(Extracted records)
⟨

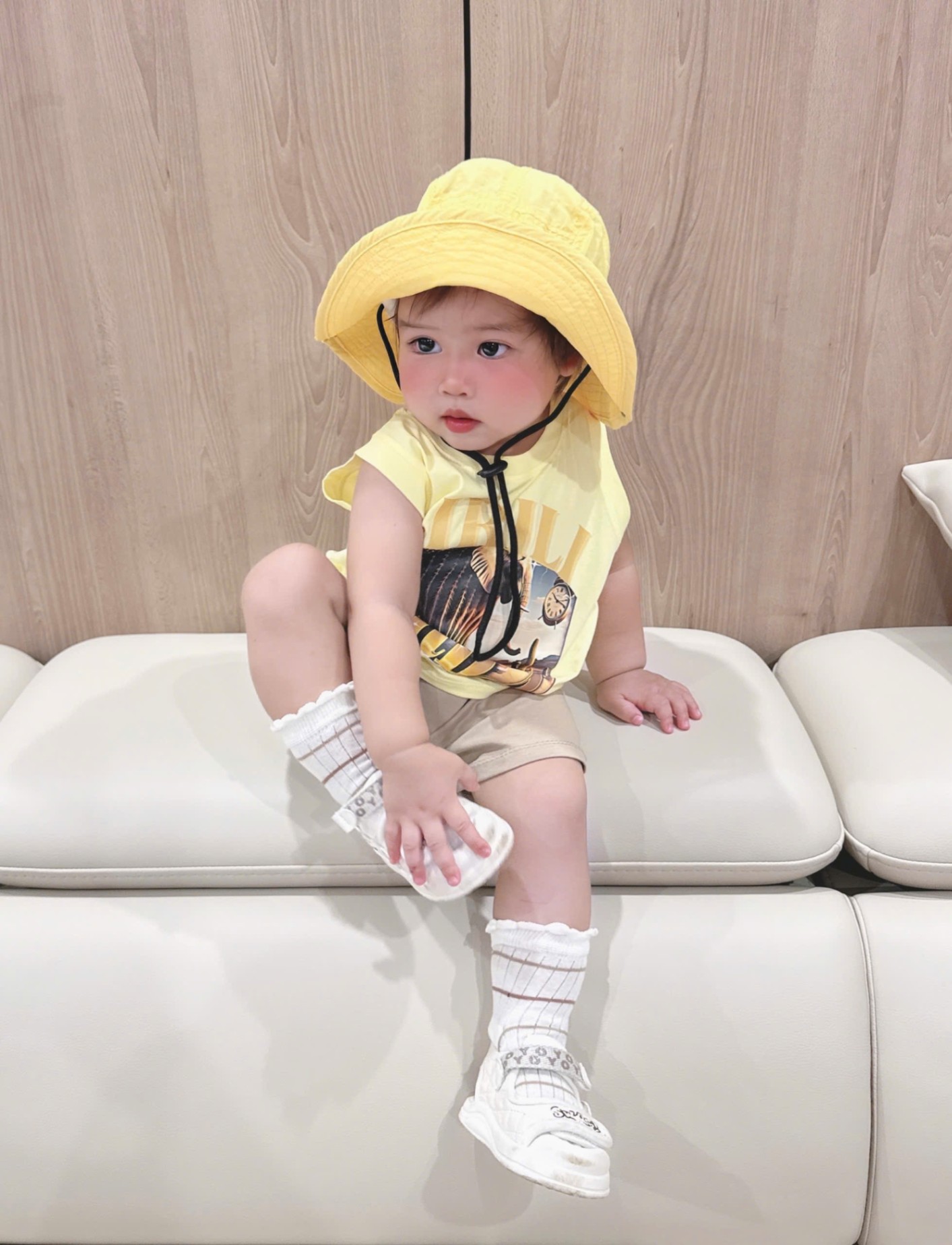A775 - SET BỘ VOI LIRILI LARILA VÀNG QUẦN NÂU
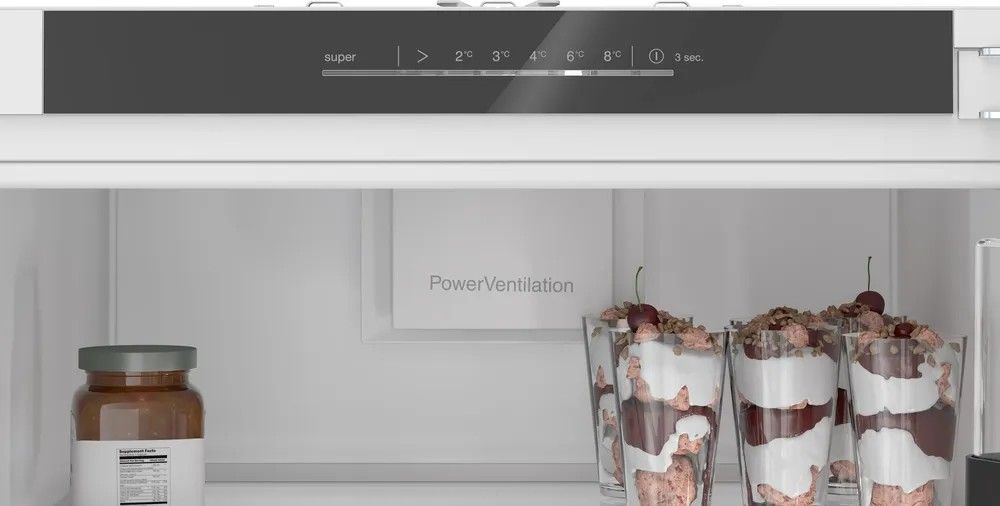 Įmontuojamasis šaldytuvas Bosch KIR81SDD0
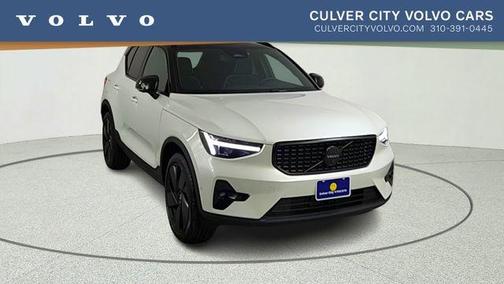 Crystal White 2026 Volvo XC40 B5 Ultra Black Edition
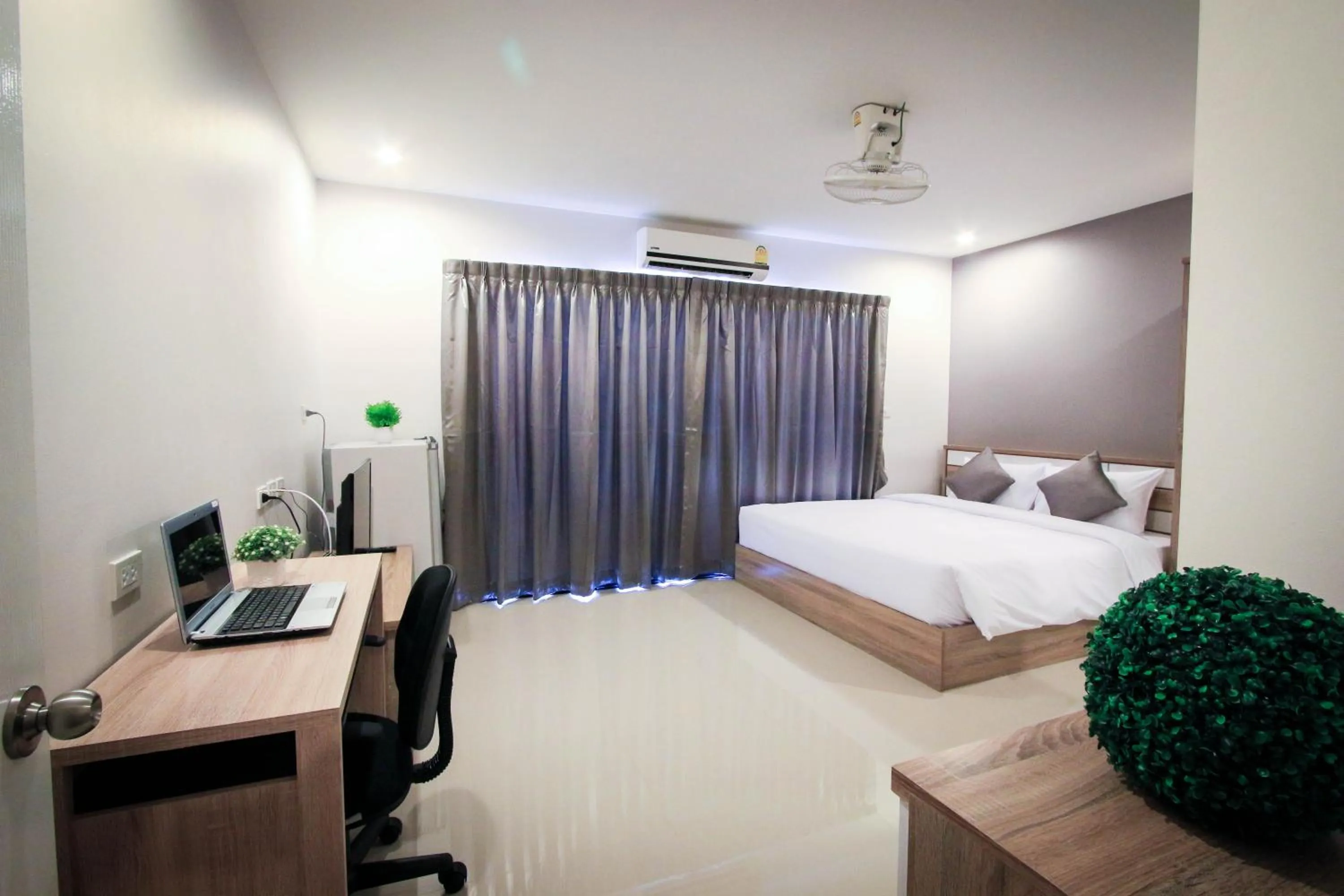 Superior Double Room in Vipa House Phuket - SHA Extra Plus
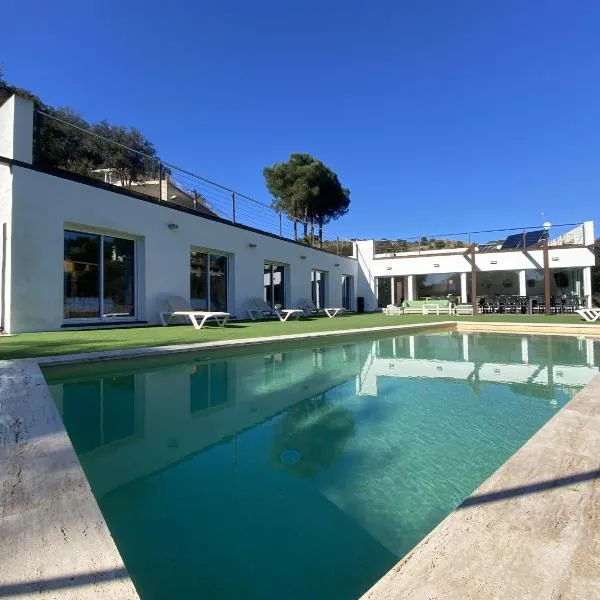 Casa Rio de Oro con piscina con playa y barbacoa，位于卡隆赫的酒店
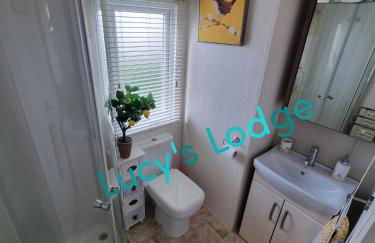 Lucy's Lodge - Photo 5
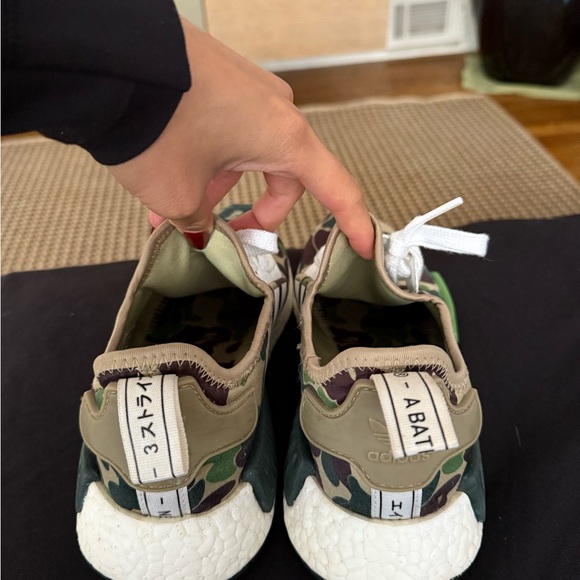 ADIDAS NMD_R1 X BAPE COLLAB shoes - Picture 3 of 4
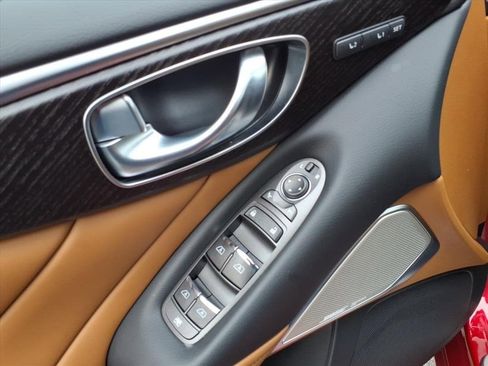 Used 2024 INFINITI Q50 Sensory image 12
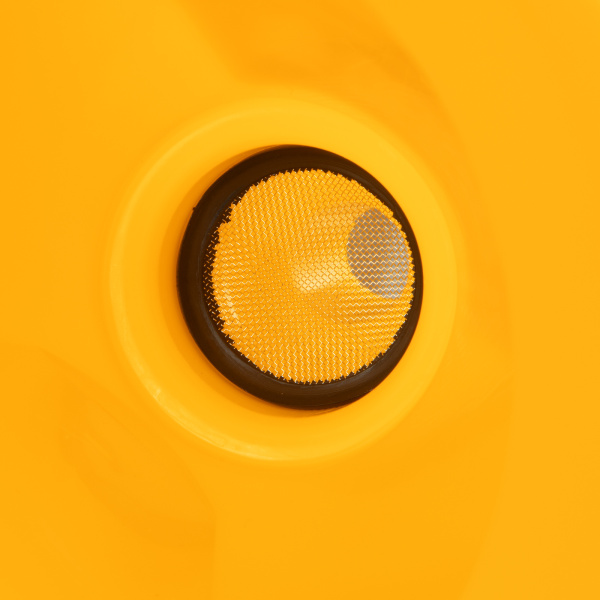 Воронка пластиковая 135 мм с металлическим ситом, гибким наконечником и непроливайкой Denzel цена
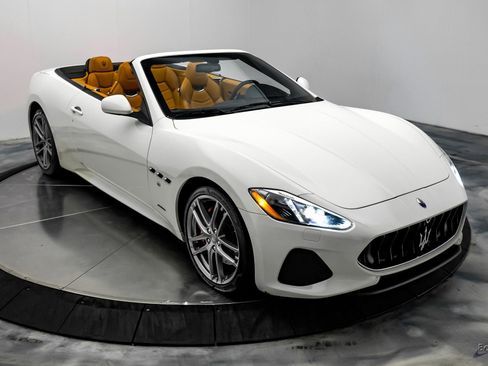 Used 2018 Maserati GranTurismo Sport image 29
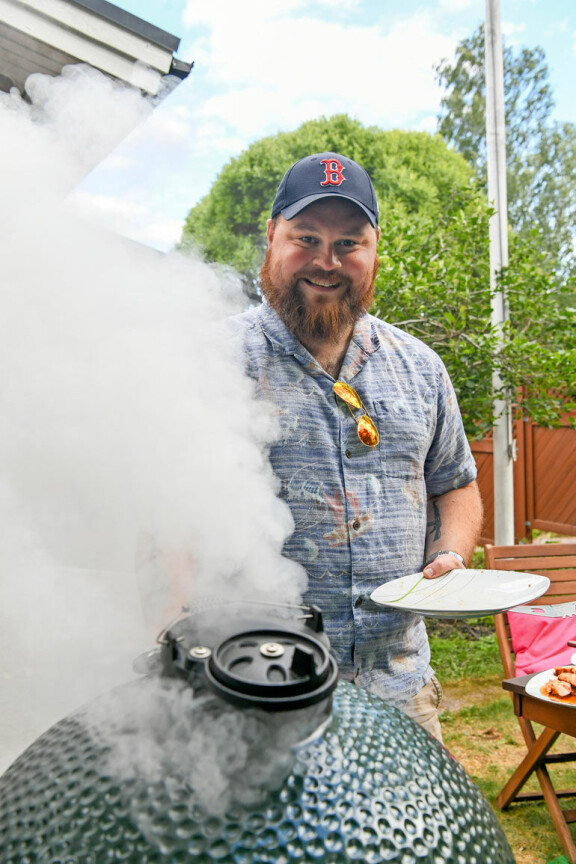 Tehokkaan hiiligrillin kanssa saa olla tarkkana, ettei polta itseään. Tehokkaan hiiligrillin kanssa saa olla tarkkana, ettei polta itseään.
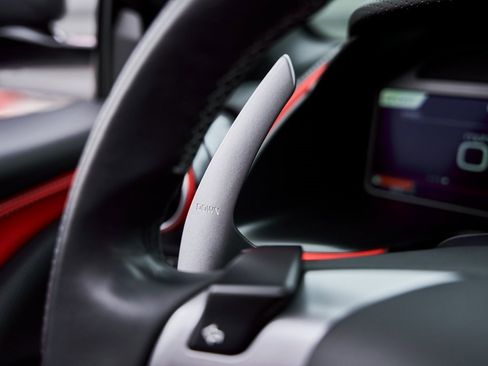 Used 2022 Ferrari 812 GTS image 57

⟩

▸ Work instructions:
Once the pictures are removed, repeat all of the data above exactly.

▸ Answer:
A775 - SET BỘ VOI LIRILI LARILA VÀNG QUẦN NÂU
 Įmontuojamasis šaldytuvas Bosch KIR81SDD0
 Crystal White 2026 Volvo XC40 B5 Ultra Black Edition
 Superior Double Room in Vipa House Phuket - SHA Extra Plus
 Casa Rio de Oro con piscina con playa y barbacoa，位于卡隆赫的酒店
 Lucy's Lodge - Photo 5
 ADIDAS NMD_R1 X BAPE COLLAB shoes - Picture 3 of 4
 Used 2024 INFINITI Q50 Sensory image 12
 Воронка пластиковая 135 мм с металлическим ситом, гибким наконечником и непроливайкой Denzel цена
 Used 2018 Maserati GranTurismo Sport image 29
 Tehokkaan hiiligrillin kanssa saa olla tarkkana, ettei polta itseään. Tehokkaan hiiligrillin kanssa saa olla tarkkana, ettei polta itseään.
 Used 2022 Ferrari 812 GTS image 57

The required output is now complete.